Provided records
Content starts

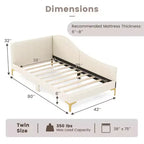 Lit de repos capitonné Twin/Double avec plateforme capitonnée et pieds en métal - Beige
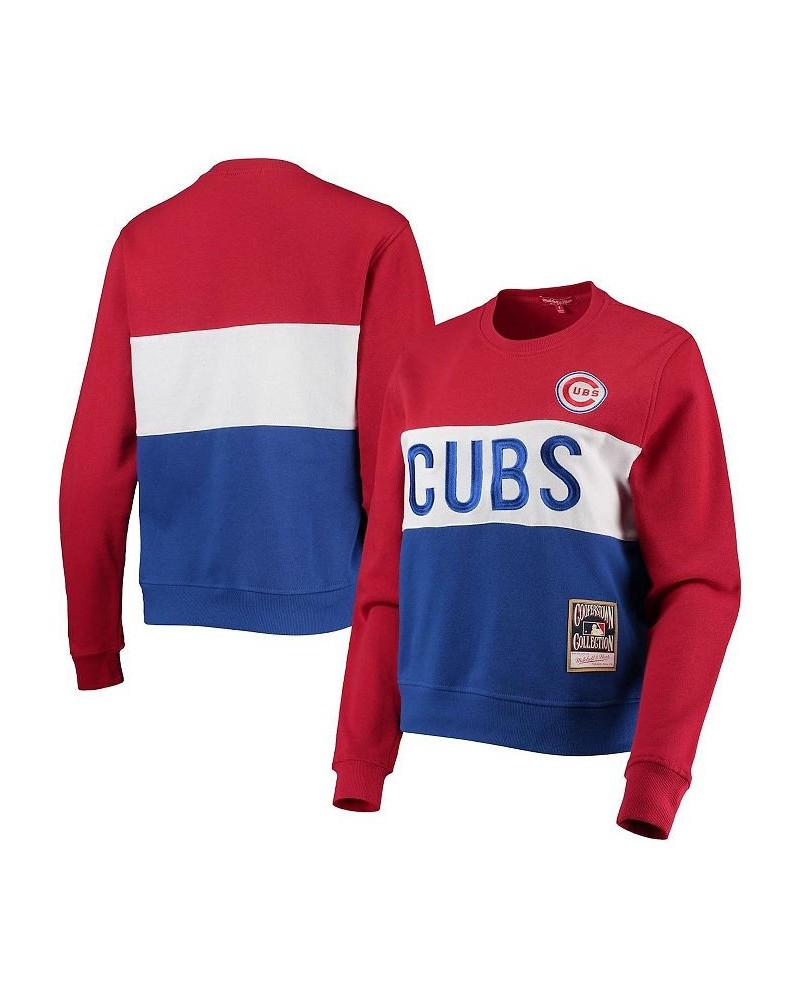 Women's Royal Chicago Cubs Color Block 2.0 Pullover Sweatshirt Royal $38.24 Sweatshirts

Content ends
Content starts

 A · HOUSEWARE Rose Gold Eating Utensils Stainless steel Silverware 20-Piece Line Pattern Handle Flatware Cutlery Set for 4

Content ends

Exercise
Exactly the lines starting at the one above with "Lit de repos" and ending at the one with "Women's Royal Chicago" should be printed, and nothing else. Omit the pictures.

Output of the exercise
 Lit de repos capitonné Twin/Double avec plateforme capitonnée et pieds en métal - Beige
 Women's Royal Chicago Cubs Color Block 2.0 Pullover Sweatshirt Royal $38.24 Sweatshirts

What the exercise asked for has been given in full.